■ EXERCISE ■
Show each line of the records below where the word "game" occurs.

■ RECORDS PROVIDED ■

+-------+

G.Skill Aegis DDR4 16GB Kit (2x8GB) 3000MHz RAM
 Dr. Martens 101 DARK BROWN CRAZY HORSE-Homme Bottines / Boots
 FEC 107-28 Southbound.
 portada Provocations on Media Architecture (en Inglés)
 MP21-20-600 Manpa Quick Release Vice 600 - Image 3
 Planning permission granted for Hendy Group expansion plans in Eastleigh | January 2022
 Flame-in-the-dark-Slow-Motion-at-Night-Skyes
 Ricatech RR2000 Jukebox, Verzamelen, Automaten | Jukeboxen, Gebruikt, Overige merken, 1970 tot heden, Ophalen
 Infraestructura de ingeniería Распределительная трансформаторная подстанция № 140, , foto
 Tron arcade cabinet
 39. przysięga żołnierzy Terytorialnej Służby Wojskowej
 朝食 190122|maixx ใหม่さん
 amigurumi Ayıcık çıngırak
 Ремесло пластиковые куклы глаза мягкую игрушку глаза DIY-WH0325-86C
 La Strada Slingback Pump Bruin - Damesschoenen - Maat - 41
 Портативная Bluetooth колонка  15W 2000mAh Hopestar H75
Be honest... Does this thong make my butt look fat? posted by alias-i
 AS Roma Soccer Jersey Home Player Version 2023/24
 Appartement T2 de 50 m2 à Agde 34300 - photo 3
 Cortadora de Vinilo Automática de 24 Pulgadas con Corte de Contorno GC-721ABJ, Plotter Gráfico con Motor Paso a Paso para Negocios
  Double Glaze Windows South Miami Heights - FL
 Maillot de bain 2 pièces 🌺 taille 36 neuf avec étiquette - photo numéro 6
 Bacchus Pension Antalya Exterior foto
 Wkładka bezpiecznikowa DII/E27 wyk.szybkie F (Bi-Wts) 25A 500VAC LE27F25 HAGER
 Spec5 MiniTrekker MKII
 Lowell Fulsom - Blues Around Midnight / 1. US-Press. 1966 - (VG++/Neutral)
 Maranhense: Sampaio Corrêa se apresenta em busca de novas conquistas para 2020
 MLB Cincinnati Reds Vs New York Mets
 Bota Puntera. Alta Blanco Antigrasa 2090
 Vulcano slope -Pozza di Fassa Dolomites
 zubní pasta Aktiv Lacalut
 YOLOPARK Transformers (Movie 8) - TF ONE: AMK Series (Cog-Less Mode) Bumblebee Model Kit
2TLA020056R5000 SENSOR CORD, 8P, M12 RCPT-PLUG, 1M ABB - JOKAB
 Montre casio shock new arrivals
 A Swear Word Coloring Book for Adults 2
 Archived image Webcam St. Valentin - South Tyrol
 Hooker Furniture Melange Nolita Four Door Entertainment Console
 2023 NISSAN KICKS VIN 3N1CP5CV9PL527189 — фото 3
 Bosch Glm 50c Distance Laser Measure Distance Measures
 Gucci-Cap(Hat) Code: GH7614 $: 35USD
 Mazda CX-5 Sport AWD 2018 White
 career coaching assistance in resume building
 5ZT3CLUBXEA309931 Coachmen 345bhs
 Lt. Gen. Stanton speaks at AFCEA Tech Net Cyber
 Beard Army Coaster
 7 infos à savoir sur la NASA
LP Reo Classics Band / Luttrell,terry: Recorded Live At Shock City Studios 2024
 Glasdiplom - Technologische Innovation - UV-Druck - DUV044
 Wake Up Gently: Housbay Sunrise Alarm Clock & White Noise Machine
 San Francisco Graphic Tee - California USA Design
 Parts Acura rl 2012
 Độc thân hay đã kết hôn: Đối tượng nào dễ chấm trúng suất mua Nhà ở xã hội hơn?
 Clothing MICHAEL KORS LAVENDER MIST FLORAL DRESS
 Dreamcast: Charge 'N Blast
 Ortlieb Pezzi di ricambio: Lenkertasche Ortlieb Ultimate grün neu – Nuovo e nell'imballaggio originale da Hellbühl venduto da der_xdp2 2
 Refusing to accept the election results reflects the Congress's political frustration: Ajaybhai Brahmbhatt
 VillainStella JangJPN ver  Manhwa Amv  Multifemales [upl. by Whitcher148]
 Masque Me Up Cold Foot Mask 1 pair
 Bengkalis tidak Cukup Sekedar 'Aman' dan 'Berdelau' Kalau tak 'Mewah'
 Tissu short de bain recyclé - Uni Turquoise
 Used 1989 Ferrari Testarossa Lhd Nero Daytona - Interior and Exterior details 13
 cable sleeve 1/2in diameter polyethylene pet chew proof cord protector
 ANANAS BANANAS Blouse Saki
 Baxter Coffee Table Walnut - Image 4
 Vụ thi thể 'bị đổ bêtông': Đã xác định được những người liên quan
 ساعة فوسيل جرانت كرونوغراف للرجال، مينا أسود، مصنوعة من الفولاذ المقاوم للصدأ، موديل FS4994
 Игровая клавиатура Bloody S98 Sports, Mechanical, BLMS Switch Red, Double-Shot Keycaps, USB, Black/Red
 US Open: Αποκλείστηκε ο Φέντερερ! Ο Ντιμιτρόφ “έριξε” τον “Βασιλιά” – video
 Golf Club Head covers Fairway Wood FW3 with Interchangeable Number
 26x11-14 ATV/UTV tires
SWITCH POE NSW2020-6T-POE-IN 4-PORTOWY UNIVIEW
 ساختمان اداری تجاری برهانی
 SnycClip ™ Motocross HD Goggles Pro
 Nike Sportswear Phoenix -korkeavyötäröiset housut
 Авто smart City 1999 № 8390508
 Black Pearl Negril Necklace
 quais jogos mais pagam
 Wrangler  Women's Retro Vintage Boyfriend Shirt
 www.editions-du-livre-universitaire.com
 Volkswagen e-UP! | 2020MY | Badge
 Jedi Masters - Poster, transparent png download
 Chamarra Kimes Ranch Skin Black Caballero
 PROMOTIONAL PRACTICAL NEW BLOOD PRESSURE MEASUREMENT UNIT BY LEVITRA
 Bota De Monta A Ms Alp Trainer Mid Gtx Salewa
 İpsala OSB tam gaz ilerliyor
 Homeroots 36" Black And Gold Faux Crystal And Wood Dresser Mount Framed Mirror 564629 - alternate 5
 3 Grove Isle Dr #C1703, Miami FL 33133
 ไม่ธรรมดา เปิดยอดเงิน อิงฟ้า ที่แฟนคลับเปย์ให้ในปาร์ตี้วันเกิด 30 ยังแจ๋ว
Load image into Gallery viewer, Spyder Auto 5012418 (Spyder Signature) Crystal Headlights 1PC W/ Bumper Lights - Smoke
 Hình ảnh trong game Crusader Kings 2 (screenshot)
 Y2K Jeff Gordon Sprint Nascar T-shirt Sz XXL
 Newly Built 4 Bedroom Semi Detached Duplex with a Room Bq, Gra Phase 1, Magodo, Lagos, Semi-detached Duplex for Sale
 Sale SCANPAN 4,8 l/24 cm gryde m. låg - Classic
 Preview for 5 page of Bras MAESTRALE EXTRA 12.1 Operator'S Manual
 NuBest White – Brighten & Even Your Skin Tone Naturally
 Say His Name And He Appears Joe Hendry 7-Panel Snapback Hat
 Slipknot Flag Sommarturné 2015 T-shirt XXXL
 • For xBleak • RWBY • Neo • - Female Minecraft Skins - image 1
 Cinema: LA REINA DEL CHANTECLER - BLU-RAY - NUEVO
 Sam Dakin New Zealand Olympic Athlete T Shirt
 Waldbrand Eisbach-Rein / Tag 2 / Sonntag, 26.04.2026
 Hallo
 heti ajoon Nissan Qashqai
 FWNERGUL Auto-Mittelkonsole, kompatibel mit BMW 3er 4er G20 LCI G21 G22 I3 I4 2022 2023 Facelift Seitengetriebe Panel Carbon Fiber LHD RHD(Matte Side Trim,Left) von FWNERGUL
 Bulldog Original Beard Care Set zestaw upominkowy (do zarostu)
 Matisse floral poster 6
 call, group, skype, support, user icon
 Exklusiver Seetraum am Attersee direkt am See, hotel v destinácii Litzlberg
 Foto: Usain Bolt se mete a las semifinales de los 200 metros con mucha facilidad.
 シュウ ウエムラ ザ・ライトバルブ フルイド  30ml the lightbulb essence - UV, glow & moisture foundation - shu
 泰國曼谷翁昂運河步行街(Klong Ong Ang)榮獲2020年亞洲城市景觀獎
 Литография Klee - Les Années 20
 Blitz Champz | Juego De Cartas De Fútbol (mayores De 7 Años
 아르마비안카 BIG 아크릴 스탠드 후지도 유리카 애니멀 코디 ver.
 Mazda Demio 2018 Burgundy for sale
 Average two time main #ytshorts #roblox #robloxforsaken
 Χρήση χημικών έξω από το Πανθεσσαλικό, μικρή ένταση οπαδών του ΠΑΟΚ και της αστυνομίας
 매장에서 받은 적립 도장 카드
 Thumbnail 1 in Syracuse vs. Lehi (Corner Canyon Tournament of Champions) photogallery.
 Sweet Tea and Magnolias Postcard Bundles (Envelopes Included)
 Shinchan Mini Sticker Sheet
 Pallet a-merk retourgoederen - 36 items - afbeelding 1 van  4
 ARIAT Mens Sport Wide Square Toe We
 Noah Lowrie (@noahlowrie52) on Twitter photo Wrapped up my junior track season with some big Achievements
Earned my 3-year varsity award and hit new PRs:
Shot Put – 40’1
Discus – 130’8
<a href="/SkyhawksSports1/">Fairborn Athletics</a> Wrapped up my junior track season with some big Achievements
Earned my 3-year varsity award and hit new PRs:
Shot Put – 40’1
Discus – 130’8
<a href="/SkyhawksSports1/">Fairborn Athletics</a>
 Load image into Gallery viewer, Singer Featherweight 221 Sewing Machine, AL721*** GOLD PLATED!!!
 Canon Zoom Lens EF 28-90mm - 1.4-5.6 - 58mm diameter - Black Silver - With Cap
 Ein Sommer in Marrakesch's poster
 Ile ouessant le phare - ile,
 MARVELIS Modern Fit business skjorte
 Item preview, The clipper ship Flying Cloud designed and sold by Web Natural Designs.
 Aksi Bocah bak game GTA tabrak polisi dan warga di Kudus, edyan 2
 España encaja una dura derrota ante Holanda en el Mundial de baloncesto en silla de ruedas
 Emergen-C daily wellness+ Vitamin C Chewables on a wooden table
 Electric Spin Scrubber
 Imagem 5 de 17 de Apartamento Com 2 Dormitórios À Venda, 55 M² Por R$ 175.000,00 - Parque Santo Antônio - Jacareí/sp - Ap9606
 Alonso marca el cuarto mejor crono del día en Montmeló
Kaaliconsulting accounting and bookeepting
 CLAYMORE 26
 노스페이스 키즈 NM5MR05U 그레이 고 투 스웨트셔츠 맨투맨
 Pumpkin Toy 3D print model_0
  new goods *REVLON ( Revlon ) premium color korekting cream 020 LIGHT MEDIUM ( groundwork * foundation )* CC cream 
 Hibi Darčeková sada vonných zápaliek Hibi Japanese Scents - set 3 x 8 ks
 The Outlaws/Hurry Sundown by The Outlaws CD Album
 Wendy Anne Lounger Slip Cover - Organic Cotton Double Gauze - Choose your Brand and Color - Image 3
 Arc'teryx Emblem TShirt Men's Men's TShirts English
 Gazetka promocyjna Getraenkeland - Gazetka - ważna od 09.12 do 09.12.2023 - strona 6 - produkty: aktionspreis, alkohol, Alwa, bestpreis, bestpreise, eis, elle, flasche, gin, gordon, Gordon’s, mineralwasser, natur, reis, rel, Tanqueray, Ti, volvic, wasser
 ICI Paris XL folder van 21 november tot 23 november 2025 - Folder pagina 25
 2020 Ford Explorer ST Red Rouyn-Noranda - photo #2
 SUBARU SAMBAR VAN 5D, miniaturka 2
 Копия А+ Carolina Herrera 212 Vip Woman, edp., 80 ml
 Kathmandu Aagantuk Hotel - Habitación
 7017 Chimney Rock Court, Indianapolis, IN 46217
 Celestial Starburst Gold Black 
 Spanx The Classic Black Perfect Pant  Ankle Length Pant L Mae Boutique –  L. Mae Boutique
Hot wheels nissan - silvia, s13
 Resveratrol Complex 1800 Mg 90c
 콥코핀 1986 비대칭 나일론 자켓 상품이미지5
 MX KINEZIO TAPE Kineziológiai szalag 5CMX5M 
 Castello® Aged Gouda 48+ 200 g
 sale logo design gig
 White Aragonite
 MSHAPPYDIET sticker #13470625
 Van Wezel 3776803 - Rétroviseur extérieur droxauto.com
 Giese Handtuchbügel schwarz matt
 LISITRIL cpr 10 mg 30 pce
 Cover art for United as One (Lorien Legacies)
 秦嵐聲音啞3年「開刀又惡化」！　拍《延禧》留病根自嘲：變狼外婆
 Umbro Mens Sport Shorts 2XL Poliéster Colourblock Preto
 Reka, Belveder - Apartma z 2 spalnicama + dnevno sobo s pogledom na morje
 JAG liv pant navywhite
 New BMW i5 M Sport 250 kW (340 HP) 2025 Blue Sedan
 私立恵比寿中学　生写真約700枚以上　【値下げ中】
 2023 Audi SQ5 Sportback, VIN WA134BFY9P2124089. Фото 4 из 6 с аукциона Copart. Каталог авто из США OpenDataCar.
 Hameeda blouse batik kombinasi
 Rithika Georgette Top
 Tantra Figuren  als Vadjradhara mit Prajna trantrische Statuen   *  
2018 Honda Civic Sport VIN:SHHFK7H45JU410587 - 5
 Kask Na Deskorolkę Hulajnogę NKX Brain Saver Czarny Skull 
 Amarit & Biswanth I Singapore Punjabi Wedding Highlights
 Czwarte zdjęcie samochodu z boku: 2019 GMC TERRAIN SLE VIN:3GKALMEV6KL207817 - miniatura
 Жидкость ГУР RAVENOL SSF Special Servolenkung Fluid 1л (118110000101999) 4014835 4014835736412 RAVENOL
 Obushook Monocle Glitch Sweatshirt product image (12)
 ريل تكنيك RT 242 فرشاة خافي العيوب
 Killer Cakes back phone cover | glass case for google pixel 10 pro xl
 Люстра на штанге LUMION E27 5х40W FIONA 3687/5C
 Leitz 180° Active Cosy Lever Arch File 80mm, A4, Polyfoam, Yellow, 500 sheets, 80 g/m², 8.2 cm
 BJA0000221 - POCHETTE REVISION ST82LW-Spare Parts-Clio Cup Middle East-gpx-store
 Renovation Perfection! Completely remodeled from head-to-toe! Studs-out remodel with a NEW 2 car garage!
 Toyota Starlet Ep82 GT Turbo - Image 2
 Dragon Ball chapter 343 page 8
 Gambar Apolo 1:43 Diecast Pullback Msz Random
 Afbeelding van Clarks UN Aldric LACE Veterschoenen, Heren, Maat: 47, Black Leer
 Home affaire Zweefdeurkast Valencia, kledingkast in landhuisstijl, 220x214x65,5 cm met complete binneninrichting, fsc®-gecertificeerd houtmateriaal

+-------+

■ WRITTEN SOLUTION ■
 Hình ảnh trong game Crusader Kings 2 (screenshot)
 Aksi Bocah bak game GTA tabrak polisi dan warga di Kudus, edyan 2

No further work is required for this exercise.